Individual Insights Newsletter
Take a Savvy Approach to Sweepstakes to Avoid Scams
Hope springs eternal. Everyone wants to believe they have the lucky lottery ticket or win the sweepstakes.
This makes it relatively easy for con artists to run their schemes, especially on the elderly. More often than not, victims will lose hundreds or thousands of dollars before catching on. A recent case from the FBI files is a prime example of the rash of such cons.
Sweepstakes fraud can take several formats. They can range from the simplistic to the complex. Naturally, it helps to be vigilant and to recognize the most prevalent types of scams. Here are four common variations of the scams:
- Persuading you to give away money. This seems counterintuitive because, if you’re a sweepstakes winner, you should be the one getting the money instead of the other way around. Nevertheless, one approach is for the criminal to ask you to send cash under false pretenses.

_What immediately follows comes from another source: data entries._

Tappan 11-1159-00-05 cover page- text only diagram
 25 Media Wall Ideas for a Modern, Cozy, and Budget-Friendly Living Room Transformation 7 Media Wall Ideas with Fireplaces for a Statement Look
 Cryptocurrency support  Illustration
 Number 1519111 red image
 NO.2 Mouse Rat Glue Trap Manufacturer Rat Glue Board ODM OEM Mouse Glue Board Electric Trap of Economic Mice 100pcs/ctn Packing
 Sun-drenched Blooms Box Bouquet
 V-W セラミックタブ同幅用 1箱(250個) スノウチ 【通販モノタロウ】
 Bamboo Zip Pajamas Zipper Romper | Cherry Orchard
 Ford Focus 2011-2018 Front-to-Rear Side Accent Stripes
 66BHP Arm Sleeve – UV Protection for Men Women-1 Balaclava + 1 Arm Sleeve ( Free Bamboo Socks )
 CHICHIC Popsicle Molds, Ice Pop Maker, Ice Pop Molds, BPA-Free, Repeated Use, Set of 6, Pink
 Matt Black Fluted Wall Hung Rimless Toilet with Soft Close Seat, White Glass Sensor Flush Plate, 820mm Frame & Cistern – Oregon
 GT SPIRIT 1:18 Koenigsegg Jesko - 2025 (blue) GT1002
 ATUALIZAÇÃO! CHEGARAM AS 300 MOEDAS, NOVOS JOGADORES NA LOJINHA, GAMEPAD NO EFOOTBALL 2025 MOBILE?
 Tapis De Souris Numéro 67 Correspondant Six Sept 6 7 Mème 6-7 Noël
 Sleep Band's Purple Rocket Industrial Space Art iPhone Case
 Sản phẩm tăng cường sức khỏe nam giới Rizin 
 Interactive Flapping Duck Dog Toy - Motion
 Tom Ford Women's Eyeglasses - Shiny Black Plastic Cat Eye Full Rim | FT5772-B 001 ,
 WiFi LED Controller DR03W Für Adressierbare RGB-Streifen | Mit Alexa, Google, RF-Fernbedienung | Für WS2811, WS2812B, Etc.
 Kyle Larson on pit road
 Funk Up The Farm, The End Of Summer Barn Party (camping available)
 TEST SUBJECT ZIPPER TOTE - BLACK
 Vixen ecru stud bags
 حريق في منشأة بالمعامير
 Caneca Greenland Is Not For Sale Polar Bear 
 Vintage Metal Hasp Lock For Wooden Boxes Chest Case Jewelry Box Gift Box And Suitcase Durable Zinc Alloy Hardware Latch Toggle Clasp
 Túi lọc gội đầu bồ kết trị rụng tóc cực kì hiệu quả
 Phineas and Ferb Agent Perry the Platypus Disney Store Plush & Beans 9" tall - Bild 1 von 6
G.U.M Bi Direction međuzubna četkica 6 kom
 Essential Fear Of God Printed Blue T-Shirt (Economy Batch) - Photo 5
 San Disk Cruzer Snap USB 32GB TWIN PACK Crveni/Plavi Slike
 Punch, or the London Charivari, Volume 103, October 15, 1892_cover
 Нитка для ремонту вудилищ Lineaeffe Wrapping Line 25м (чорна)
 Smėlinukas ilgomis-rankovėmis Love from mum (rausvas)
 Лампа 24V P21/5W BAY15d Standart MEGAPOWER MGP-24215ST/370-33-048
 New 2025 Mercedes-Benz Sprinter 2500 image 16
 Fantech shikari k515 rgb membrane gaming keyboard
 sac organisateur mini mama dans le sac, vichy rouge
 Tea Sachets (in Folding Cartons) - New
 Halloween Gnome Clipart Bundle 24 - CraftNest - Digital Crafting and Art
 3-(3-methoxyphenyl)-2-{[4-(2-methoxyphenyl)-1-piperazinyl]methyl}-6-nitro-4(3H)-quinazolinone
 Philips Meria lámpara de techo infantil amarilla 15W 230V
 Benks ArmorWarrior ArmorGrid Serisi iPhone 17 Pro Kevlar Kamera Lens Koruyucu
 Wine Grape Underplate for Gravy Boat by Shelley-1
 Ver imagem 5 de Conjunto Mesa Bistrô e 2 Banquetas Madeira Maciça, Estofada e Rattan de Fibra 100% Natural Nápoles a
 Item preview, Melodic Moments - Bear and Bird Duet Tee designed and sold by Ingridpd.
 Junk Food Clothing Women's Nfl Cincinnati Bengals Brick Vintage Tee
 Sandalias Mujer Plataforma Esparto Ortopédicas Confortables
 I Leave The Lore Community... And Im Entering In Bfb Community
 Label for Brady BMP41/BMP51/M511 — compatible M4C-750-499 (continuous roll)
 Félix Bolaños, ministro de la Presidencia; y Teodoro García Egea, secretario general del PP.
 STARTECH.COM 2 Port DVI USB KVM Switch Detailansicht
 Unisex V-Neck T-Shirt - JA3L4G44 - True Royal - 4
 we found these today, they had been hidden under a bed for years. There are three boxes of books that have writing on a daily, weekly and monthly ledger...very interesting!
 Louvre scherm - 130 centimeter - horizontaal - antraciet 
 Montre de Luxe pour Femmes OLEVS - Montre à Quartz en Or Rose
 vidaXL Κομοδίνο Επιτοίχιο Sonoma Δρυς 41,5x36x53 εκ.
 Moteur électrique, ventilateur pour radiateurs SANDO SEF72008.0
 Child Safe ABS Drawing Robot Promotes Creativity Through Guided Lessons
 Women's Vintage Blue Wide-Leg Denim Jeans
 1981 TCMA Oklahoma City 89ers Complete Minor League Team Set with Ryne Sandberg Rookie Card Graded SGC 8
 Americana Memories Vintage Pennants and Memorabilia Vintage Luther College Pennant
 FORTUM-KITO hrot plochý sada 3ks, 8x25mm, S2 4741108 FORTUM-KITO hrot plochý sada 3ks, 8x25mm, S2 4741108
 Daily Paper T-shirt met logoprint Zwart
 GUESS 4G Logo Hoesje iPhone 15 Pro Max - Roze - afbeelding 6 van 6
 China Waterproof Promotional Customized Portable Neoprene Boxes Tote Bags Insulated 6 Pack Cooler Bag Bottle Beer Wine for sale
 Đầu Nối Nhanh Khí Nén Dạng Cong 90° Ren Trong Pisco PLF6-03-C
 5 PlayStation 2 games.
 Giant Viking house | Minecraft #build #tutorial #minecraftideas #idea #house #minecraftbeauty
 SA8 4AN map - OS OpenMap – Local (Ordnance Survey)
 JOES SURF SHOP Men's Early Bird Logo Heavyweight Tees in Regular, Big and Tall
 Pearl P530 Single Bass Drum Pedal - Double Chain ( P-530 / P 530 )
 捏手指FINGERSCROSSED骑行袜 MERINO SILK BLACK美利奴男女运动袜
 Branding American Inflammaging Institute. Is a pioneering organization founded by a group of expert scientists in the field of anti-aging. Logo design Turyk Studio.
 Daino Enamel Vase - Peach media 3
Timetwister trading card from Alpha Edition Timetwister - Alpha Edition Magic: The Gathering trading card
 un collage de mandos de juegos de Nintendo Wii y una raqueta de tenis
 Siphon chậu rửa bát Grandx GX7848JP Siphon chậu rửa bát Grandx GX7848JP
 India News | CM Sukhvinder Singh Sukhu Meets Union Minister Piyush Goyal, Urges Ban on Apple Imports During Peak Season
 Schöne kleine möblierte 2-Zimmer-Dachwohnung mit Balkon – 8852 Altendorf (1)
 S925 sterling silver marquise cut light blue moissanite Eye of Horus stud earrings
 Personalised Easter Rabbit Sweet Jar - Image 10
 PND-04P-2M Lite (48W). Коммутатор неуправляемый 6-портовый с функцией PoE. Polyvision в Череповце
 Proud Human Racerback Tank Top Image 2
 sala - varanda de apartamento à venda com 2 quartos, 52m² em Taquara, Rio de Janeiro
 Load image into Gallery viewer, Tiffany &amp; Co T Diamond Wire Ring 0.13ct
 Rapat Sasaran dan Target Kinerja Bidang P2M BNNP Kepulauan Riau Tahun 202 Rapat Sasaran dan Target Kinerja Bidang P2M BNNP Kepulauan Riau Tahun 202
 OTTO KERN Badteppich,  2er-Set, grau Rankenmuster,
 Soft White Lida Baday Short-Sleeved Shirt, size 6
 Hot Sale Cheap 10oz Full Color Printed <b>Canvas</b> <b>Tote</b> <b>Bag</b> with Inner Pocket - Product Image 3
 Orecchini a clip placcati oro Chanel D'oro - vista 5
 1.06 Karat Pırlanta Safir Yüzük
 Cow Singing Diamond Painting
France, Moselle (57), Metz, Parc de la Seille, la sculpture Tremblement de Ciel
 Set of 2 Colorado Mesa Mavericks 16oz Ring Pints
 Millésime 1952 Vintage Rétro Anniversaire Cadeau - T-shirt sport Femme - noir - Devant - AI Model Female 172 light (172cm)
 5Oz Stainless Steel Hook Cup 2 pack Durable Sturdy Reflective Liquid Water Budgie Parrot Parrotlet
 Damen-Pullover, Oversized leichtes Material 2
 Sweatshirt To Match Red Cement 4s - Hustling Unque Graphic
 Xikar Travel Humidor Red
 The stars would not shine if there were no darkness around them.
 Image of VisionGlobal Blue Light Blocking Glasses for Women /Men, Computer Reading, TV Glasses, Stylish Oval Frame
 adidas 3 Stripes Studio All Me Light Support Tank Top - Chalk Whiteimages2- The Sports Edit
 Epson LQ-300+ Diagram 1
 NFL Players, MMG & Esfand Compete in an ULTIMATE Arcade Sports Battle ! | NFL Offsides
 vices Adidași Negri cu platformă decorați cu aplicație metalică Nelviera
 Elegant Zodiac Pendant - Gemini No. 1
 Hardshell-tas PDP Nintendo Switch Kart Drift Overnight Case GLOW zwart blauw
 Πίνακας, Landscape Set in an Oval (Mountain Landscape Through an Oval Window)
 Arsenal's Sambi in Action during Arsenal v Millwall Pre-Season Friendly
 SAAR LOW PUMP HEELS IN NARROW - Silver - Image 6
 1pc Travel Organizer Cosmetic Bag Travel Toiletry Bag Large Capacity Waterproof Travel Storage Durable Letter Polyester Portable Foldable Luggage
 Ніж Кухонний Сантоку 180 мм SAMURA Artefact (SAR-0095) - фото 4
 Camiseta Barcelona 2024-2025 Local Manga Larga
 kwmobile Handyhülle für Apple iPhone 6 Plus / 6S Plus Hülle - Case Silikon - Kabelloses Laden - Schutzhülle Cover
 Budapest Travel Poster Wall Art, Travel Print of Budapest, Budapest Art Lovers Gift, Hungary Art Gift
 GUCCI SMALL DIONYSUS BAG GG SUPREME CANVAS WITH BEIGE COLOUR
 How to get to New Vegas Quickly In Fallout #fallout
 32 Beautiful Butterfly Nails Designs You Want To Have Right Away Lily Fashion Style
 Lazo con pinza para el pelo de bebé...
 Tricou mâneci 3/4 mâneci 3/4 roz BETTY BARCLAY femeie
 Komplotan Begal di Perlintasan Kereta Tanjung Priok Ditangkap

Typically, someone calls you and tells you that you have won a sweepstakes or contest. To collect your winnings, al lyou have to do is wire them the money need to cover taxes, services fees, shipping costs, or some other concoted expense. The callers don’t want to give you time to thin it over, so they often suggest there is a rush.
With a legitimate sweepstakes win, you don’t have to come up with cash right away. You will likely owe taxes, but you pay the IRS and, possibly, the state.
- Talking you into giving away information. Another scam is attempting to convince you that you won a sweepstakes and ask for your bank account or credit card information to verify your age, identity or some other reason. The crooks promptly try to clean out your accounts.
Bona fide sweepstakes do not need any form of payment identification. There’s no reason to check your income (although your Social Security number, or the last four digits, may be requested).
- Coercing you into buying a product. This scam takes a slightly different approach: The goal is not to rob you but to make it extremely difficult for you to turn down a sale.
A typical example: The con artist calls to tell you that you won a prize — say a trip or new car — but you have to pick it up at a specific location. When you arrive you have to listen to a short presentation where you get the hard sell. In some cases, the caller will mention that you have won one of five prizes.
The first four prizes are fabulous but the fifth one — the one you invariably receive — is a trinket or some other item of little or no value. And that is the one they give you for showing up.
- Stealing your identity. This is a more sophisticated scam. The con artist attempts to trick you into revealing vital personal information — Social Security number, bank accounts and the like — so they can impersonate you. Then they open credit card or bank accounts, arrange loans and possibly even commit crimes
Facts of a Recent Scam
According to a Justice Department news release, Patricia Diane Clark of Sacramento, Calif., pleaded guilty for her role in a half-million-dollar sweepstakes fraud that was run from Costa Rica and targeted U.S. residents. She admitted to conspiracy to commit wire fraud, conspiracy to commit wire fraud and conspiracy to commit money laundering. This isn’t the only such case on the dockets. Similar scams have resulted in other recent arrests (see right-hand box).
For approximately six years spanning 2007 through 2013, Clark’s co-conspirators called U.S. residents from Costa Rican call centers, falsely informing them that they had won a substantial cash prize in a sweepstakes. The victims, many of whom were elderly, were told that they had to send money for a purported “refundable insurance fee” in order to collect their prize. Clark picked up the money from the victims and sent it to her co-conspirators in Costa Rica. She also admitted to managing others in the U.S. who were involved in the scheme as well as keeping a portion of the victims’ payments.
Once the victims gave the money, Clark’s co-conspirators contacted them again. At this point, they claimed that the prize amount had increased, because either there was a clerical error or another prizewinner was disqualified. But the victim now had upped the ante to cover the “fees” for the larger prize.
This scheme would continue as long as the victim put up more money. It would not end until the victim ran out of money or discovered the fraud. By then it was too late.
Along with her co-conspirators, the Justice Department says Clark admitted to being responsible for approximately $640,000 in losses to hundreds of U.S. citizens.
Lesson to be learned: Some people are so gun-shy about sweepstakes scams that they never enter contests. But you know whether you have entered a drawing and should not be swayed by a random call. Recognize the warning signs of a scam and don’t be coerced into sending any money to con artists.